▸ **ASSIGNMENT**
Only the pictures should be dropped; every line of the data must come back exactly as written.

▸ **ENTRIES SHOWN**
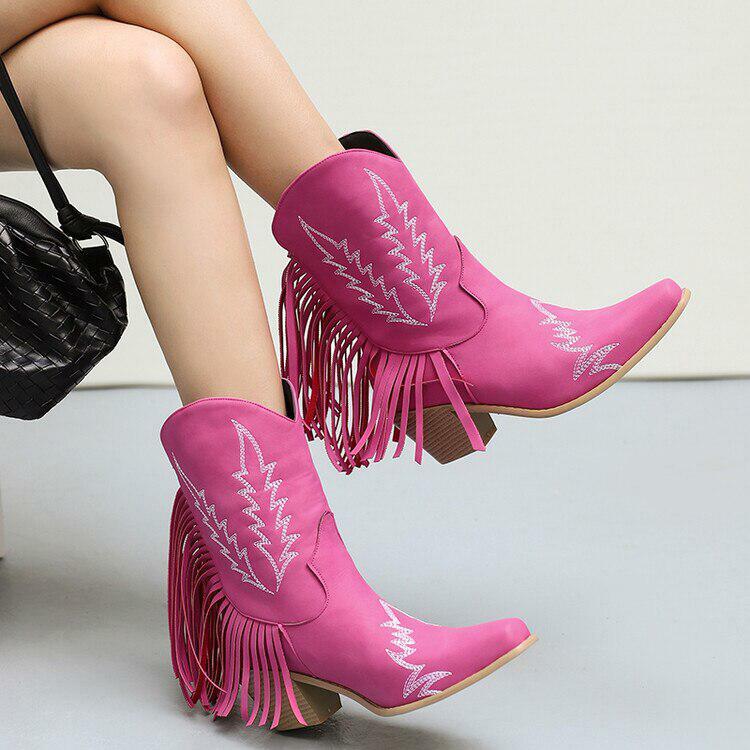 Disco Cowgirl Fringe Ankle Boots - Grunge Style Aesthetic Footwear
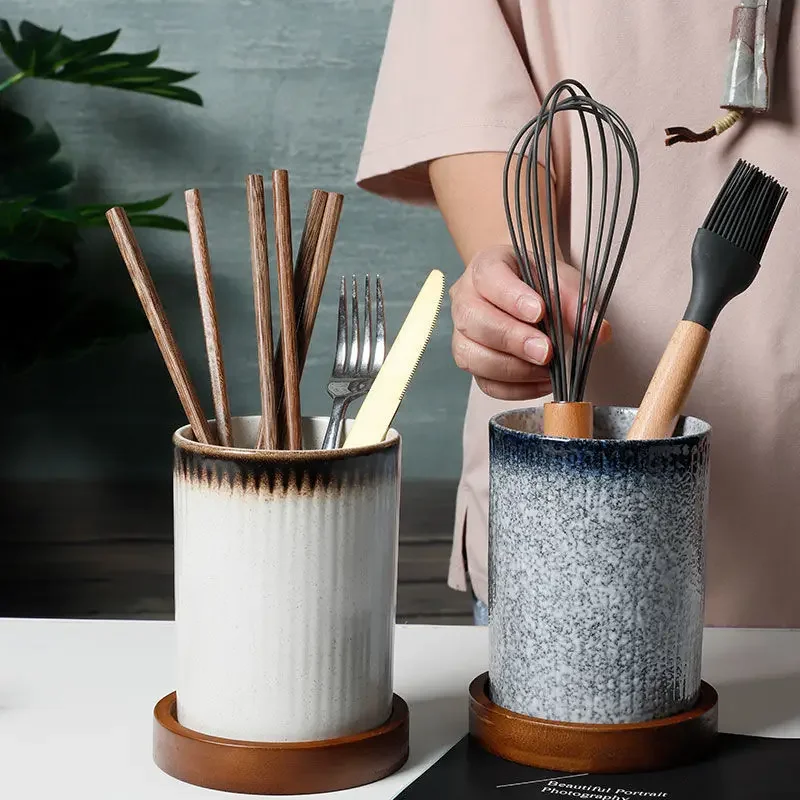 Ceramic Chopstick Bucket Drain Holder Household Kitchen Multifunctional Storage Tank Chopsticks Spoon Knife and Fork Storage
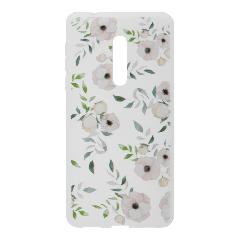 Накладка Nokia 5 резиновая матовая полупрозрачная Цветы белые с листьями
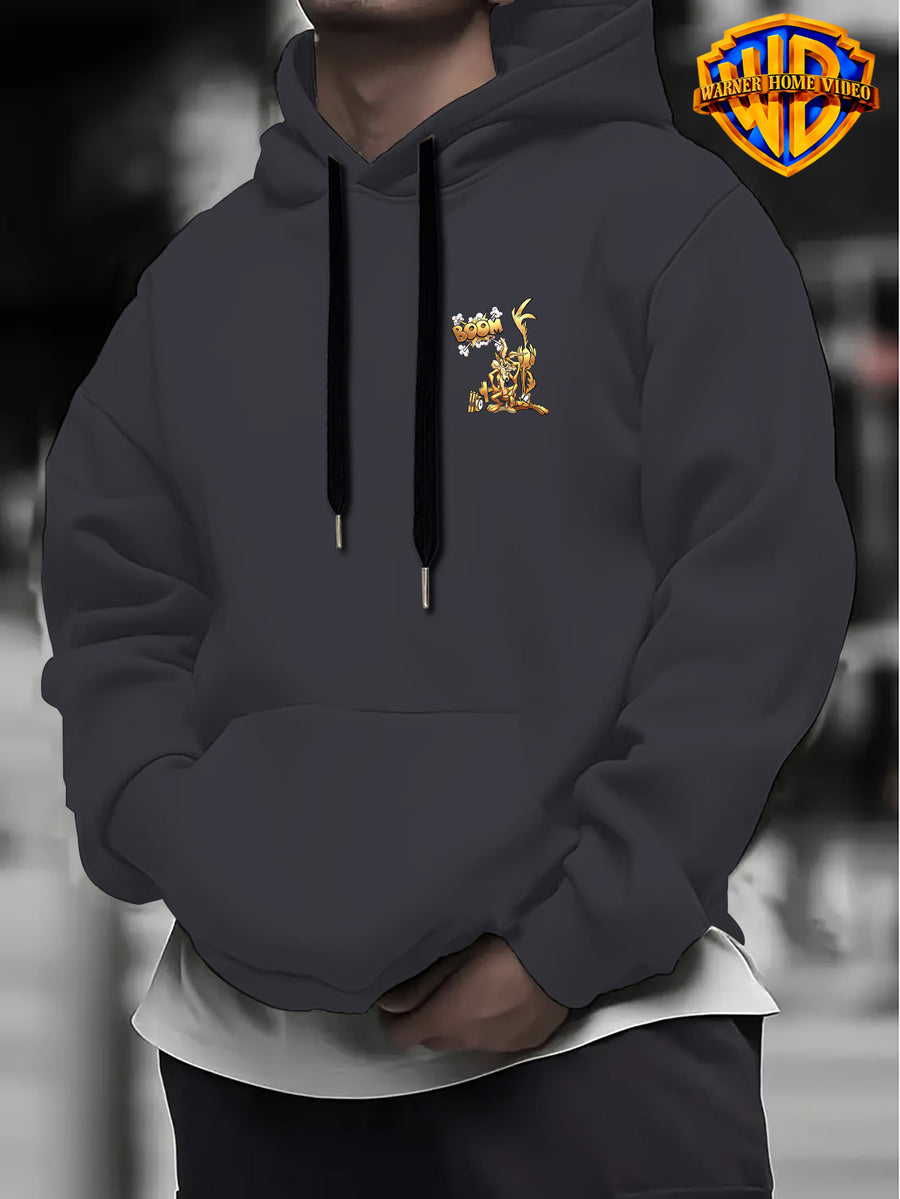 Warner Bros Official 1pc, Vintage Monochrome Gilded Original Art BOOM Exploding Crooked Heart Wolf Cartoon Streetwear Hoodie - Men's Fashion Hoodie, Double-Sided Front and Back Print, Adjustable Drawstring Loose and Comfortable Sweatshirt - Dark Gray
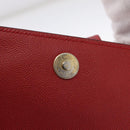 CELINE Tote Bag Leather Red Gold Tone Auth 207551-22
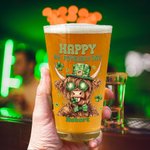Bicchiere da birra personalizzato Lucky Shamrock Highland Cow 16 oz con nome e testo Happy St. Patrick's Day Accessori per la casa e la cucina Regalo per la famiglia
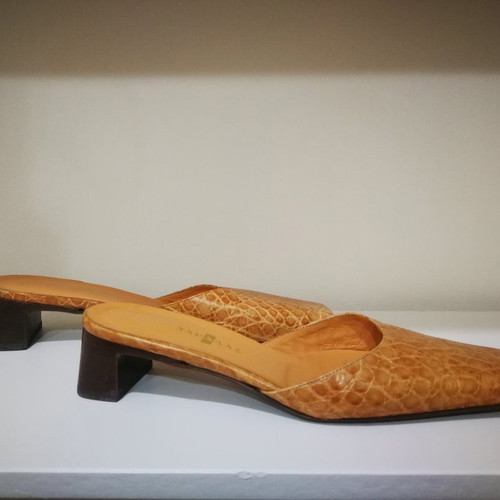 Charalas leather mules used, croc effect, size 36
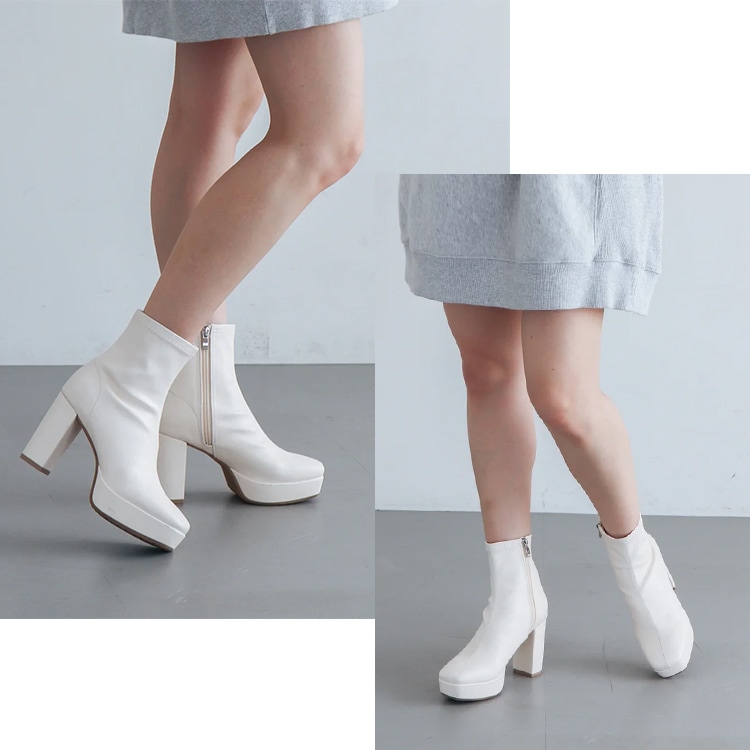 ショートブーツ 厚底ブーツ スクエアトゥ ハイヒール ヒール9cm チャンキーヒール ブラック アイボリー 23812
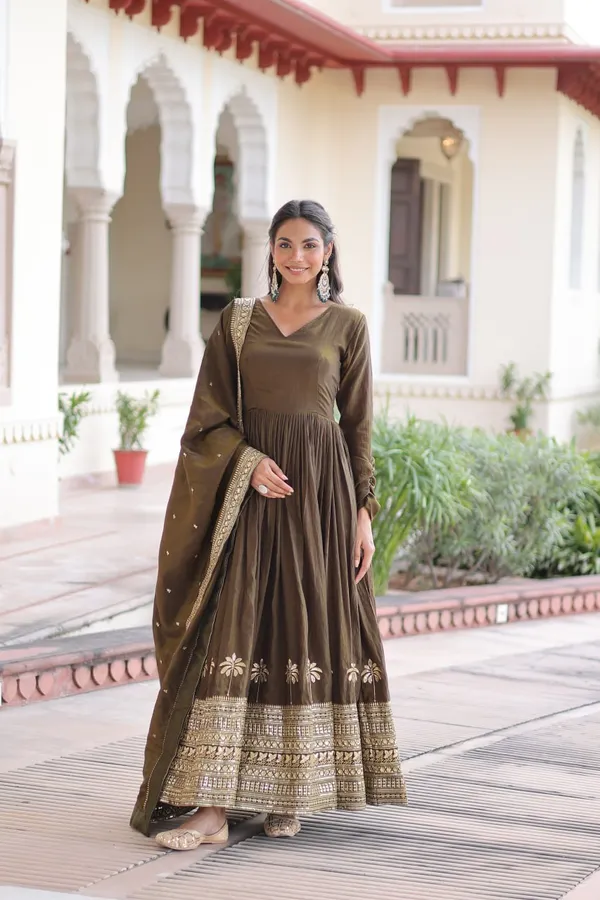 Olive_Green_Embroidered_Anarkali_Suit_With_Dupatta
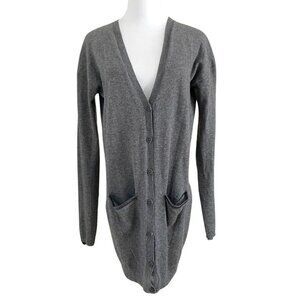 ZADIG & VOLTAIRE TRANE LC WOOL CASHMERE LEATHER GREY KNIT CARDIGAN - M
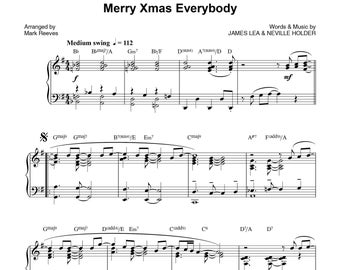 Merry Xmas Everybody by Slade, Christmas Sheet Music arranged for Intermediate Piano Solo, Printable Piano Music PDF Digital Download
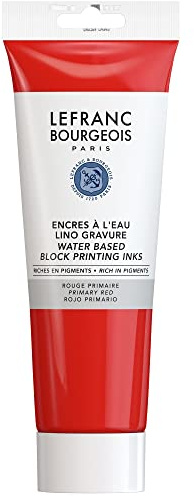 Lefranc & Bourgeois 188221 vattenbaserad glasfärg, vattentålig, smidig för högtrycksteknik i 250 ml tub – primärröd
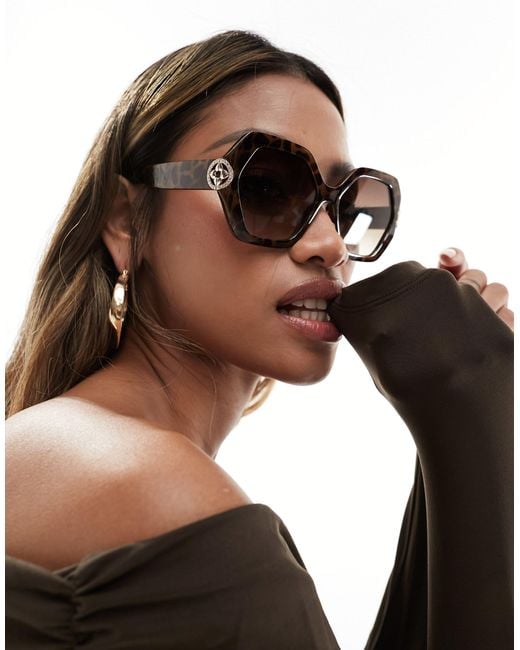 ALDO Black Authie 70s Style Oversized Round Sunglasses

▸ **RESPONSE TO THIS EXERCISE**
 Disco Cowgirl Fringe Ankle Boots - Grunge Style Aesthetic Footwear
 Ceramic Chopstick Bucket Drain Holder Household Kitchen Multifunctional Storage Tank Chopsticks Spoon Knife and Fork Storage
 Накладка Nokia 5 резиновая матовая полупрозрачная Цветы белые с листьями
 Warner Bros Official 1pc, Vintage Monochrome Gilded Original Art BOOM Exploding Crooked Heart Wolf Cartoon Streetwear Hoodie - Men's Fashion Hoodie, Double-Sided Front and Back Print, Adjustable Drawstring Loose and Comfortable Sweatshirt - Dark Gray
 CELINE Tote Bag Leather Red Gold Tone Auth 207551-22
Bicchiere da birra personalizzato Lucky Shamrock Highland Cow 16 oz con nome e testo Happy St. Patrick's Day Accessori per la casa e la cucina Regalo per la famiglia
 Charalas leather mules used, croc effect, size 36
 ショートブーツ 厚底ブーツ スクエアトゥ ハイヒール ヒール9cm チャンキーヒール ブラック アイボリー 23812
 Olive_Green_Embroidered_Anarkali_Suit_With_Dupatta
 ZADIG & VOLTAIRE TRANE LC WOOL CASHMERE LEATHER GREY KNIT CARDIGAN - M
 Merry Xmas Everybody by Slade, Christmas Sheet Music arranged for Intermediate Piano Solo, Printable Piano Music PDF Digital Download
 Lefranc & Bourgeois 188221 vattenbaserad glasfärg, vattentålig, smidig för högtrycksteknik i 250 ml tub – primärröd
 ALDO Black Authie 70s Style Oversized Round Sunglasses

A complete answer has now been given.